The Ghost Nation appear elsewhere in the episode, in a wary encounter with Maeve’s troop. Their interest is in Sizemore, which allows for some good speculation. It’s too obvious that they want to just kill him because he’s not a host. They’ve operated on the margins of the story so far, but are undoubtedly connected to Stubbs after his Season 1 disappearance. That he is fine and present in the most recent timeline suggests while he was captured by them, he wasn’t harmed. Furthermore, they weren’t responding to his voice commands, which leads to the suspicion that someone (Elsie) reprogrammed them to look after her.

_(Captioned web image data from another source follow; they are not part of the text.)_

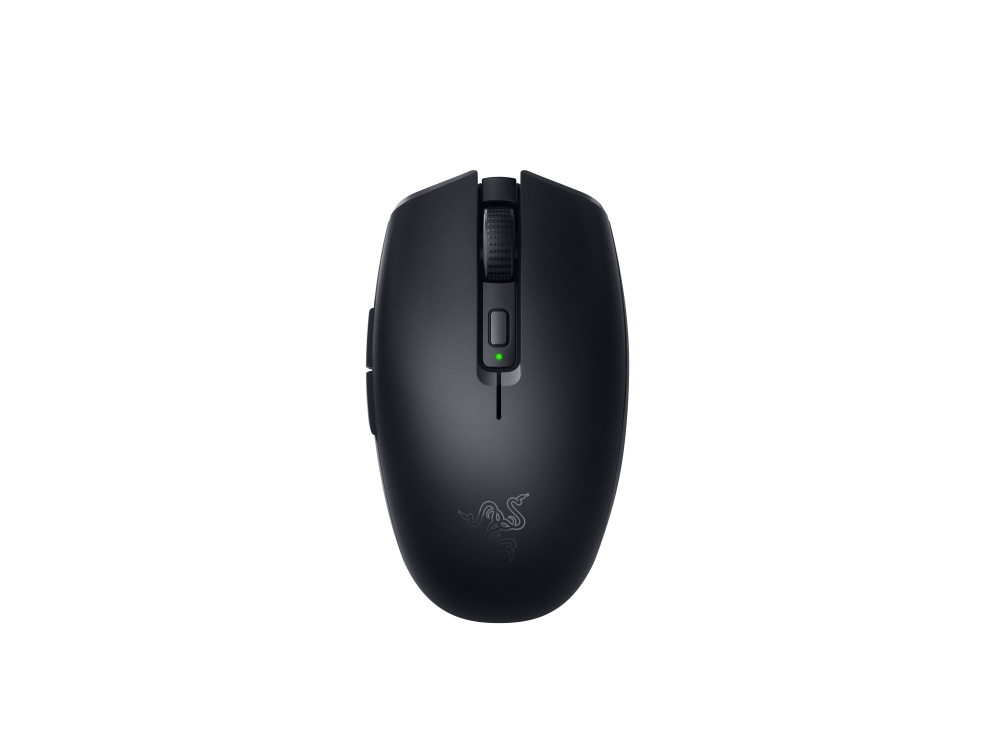 Razer Orochi V2 RZ01-03730100-R3A1 [ブラック]［光学式 /無線(ワイヤレス) /7ボタン /Bluetooth・USB］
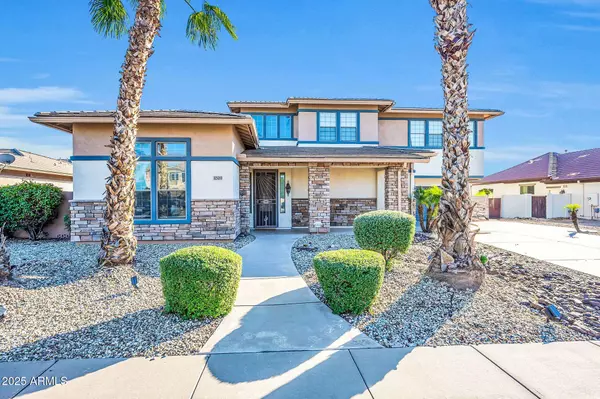 Laveen, AZ 85339,4509 W McNeil Street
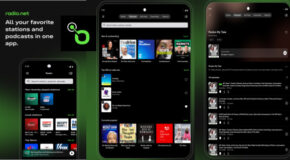 radio net – AM FM Radio Tuner v5.18.7.0-app build 100229
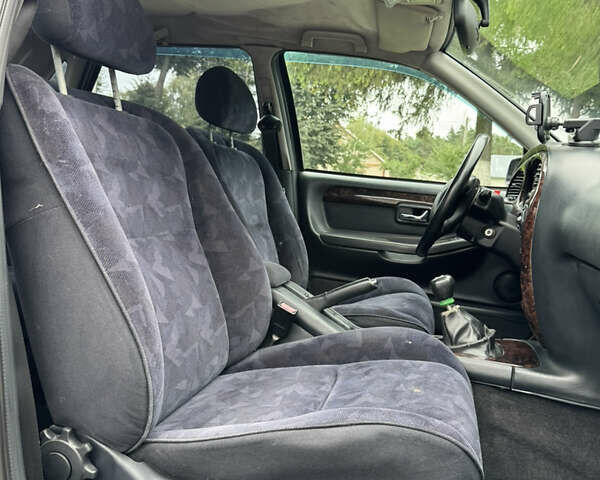 Коричневий Форд Скорпіо, об'ємом двигуна 2 л та пробігом 250 тис. км за 2499 $, фото 23 на Automoto.ua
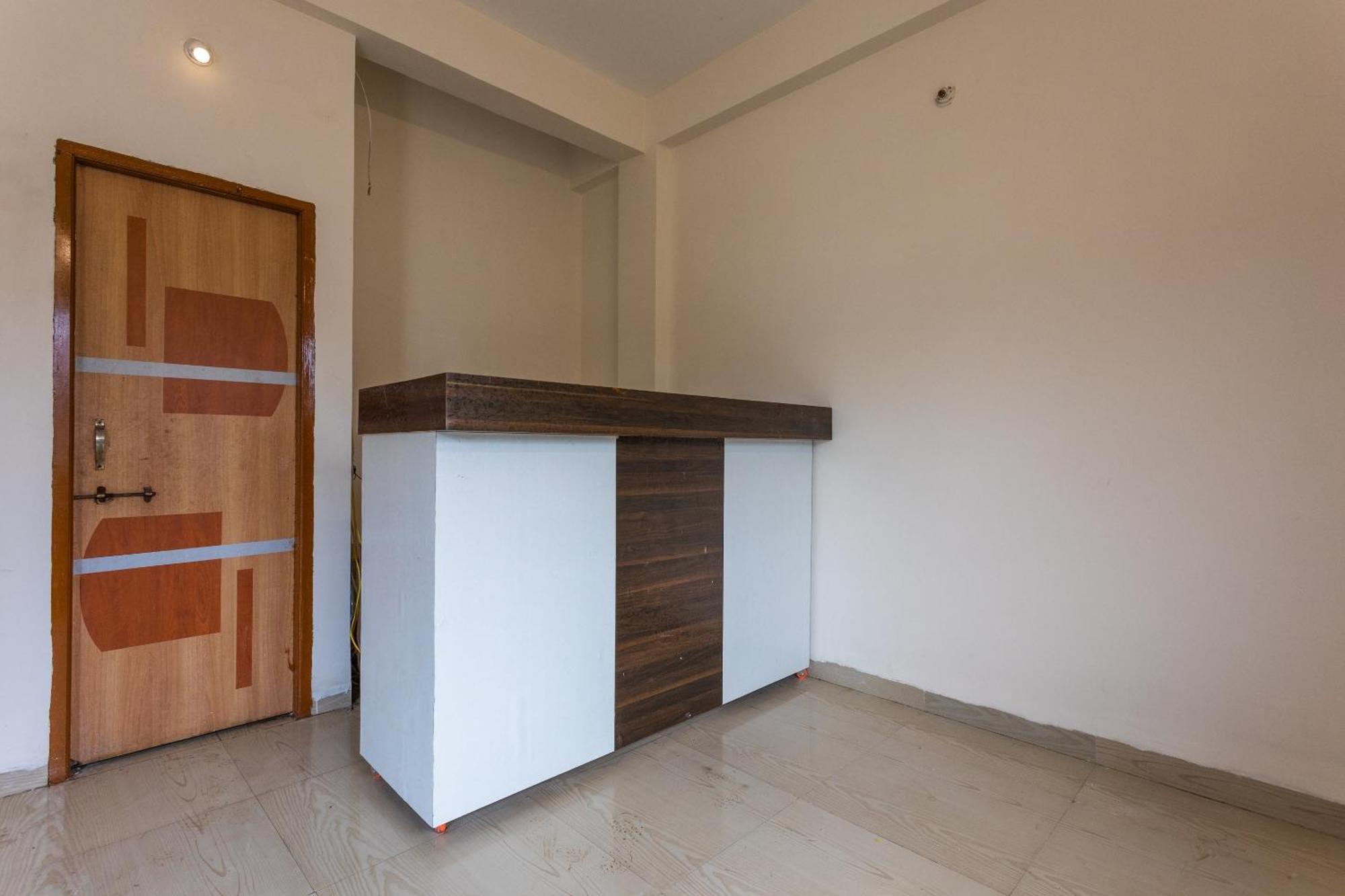 Hotel O Ocean Pearl Indore Dış mekan fotoğraf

So she recruits them, they get Stubbs on side, and then she sends them off for Sizemore. And now Grace. This potentially explains why Maeve’s commands wouldn’t work on them, and why Dolores has no place for them in the valley beyond. (Also: are Maeve’s memories real? Why would the Ghost Nation attack her in her role as a homesteader, which was meant to be a peaceful part of the park? Or are her memories a script, no different to Hector’s lost love? In which case, has it been scripted that she should long to get her daughter back because of this false memory?)
Some answers may be waiting in the next park along – Samurai? Shogun? – where Maeve, Sizemore, Hector, Armistice, Lutz and Sylvester find themselves. Sizemore immediately sees this place as far more dangerous than anything in Westworld, so potentially the parks are more exclusive, immersive, or dangerous, depending on what the guest wants and can pay for. There’s some big steps from hunting tigers, to gunfights, to rushing samurai.
Maeve is there for her daughter, but I’m guessing she will find some other raison d’etre in their inter-park visit. Dolores says she needs to go back to Sweetwater for some reason connected to her father’s abduction, but that much is obscure and seems unconnected to the weapon she wanted to find last episode. And is Abernathy still valuable now given his cognitive impairments and that Bernard has potentially taken his burden?
And finally, the most recent storyline (it is very difficult to discuss these in any coherent fashion) has Charlotte still alive, conversing with the Delos security team and Bernard, and still in search of Abernathy. Only three episodes into the season, and each week we get a further expanding and clarifying of the show’s horizons. What is this weapon? How is it connected to Delos’ overall plan and why does Old William want to burn it all down? And then, do the hosts get out of the park? Some of this, I suspect, we’ll get before the end.